**MATERIAL SHOWN:**
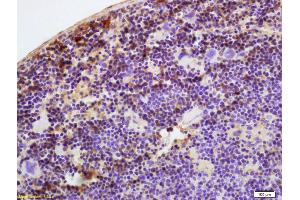 Formalin-fixed and paraffin embedded mouse spleen labeled with Anti-ATH III/Antithrombin III Polyclonal Antibody, Unconjugated (ABIN732323) at 1:200 followed by conjugation to the secondary antibody and DAB staining
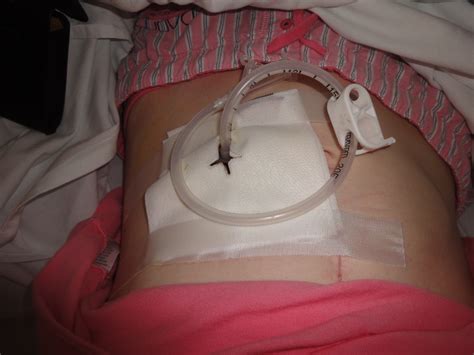 Living With Gastroparesis Tubes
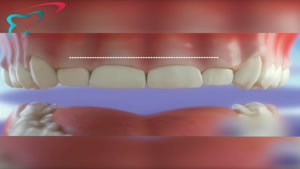 چگونه طول تاج دندان را افزایش میدهیم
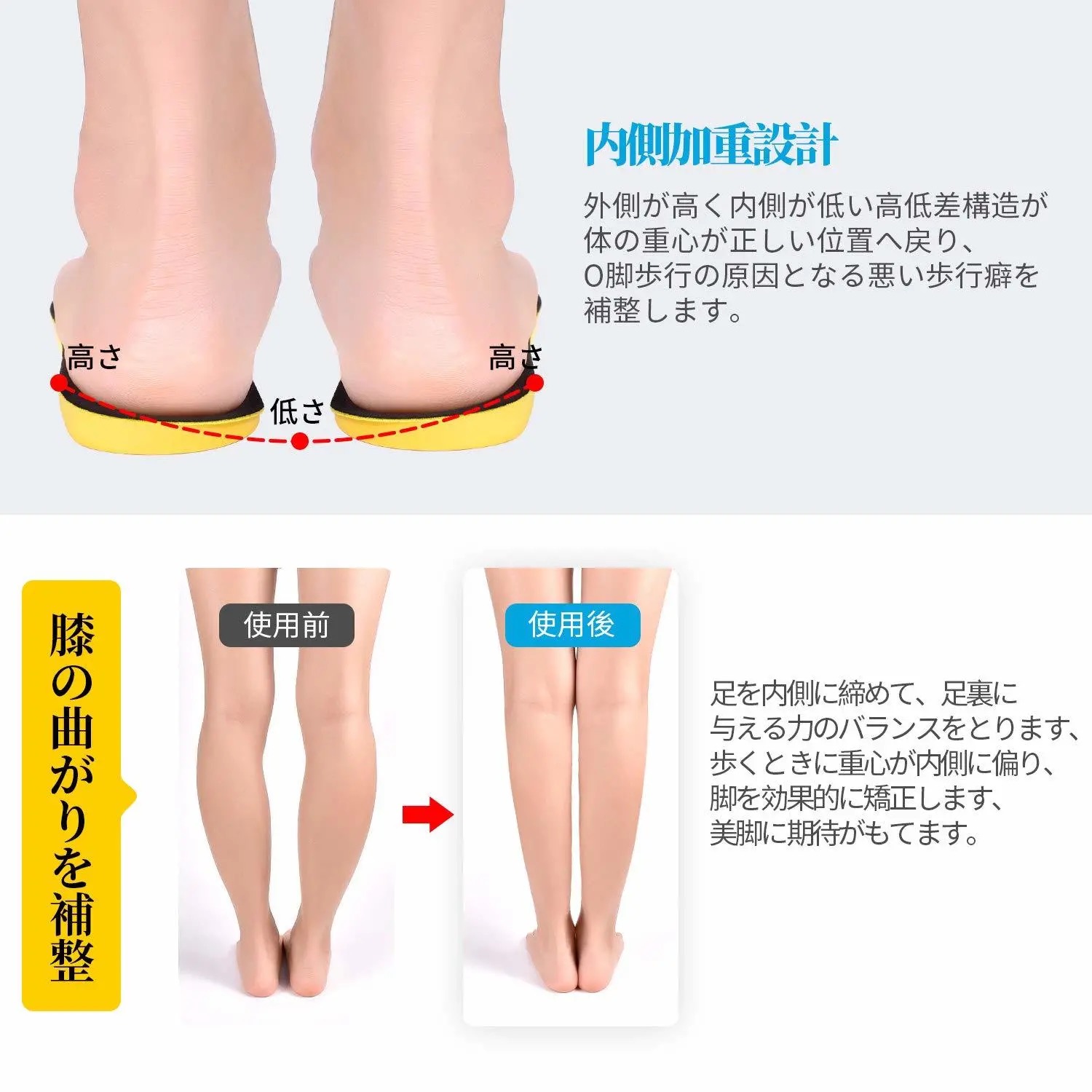 日本扁平足o型腿矫正鞋垫成人儿童小腿外翻外八字足内翻纠正鞋垫 - 图0
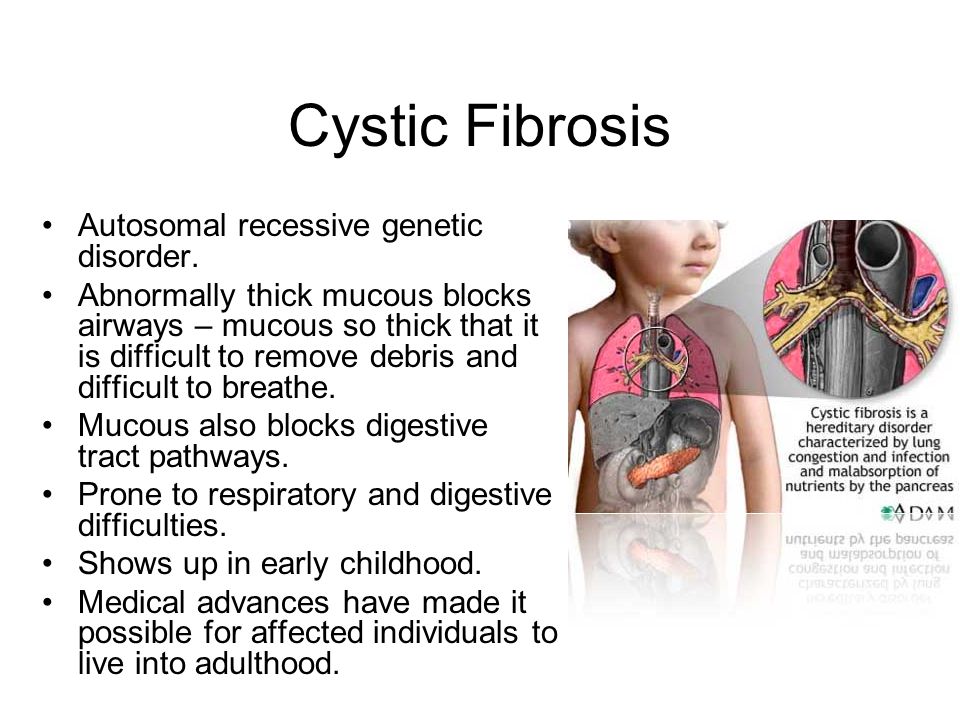 Cystic Fibrosis Autosomal recessive genetic disorder.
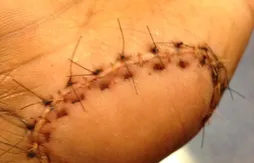 Trash : la main d’Amare Stoudemire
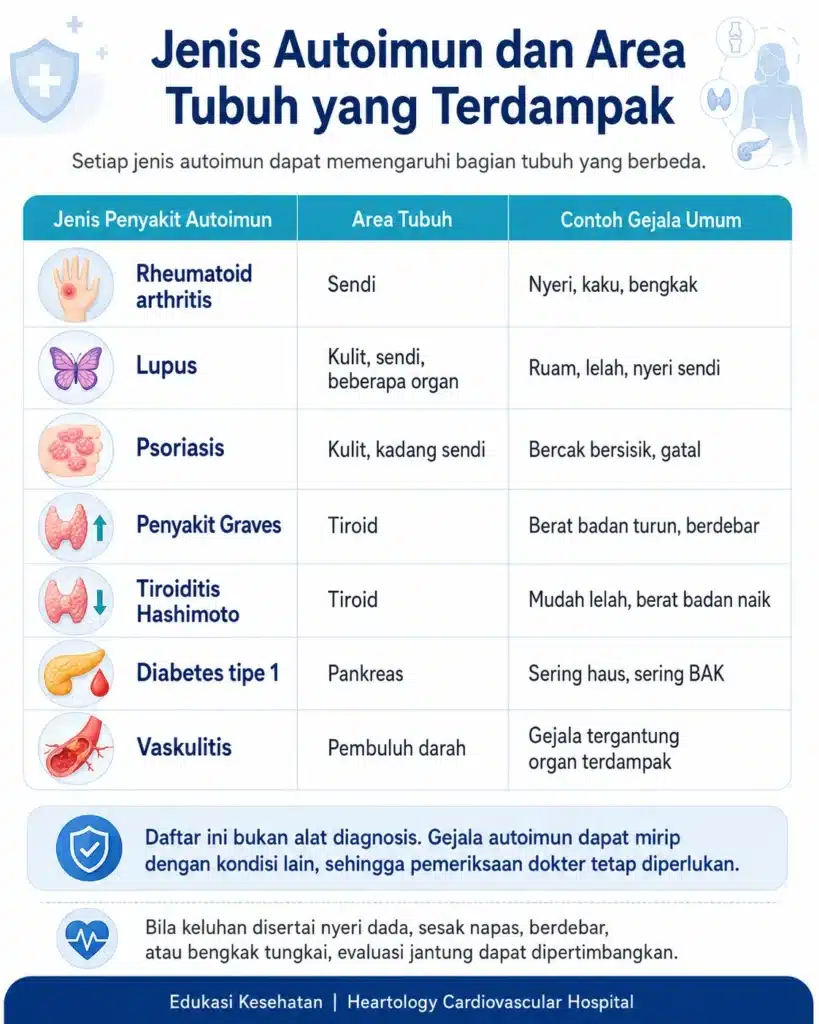 Infografis tabel jenis autoimun dan area tubuh yang terdampak, menampilkan rheumatoid arthritis pada sendi, lupus pada kulit dan organ, psoriasis pada kulit, penyakit Graves dan Hashimoto pada tiroid, diabetes tipe 1 pada pankreas, serta vaskulitis pada pembuluh darah.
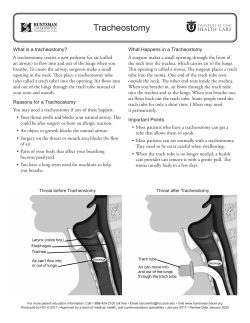 Tracheostomy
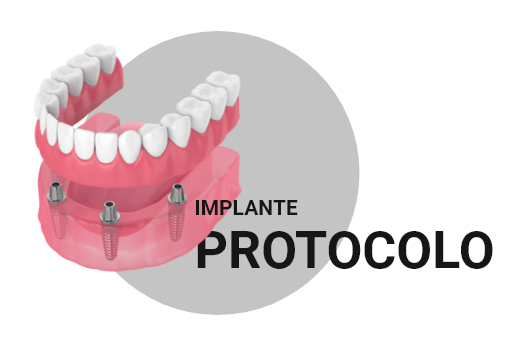 Implantes Dentários em Petrolina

**WHAT TO WORK ON:** Range to copy from the listing above: the line containing "چگونه طول تاج دندان را افزایش میدهیم" down to the line containing "Trash : la main d’Amare Stoudemire", both included. Reproduce it exactly, minus the pictures, and add nothing.

**FINISHED EXERCISE:**
 چگونه طول تاج دندان را افزایش میدهیم
 日本扁平足o型腿矫正鞋垫成人儿童小腿外翻外八字足内翻纠正鞋垫 - 图0
 Cystic Fibrosis Autosomal recessive genetic disorder.
 Trash : la main d’Amare Stoudemire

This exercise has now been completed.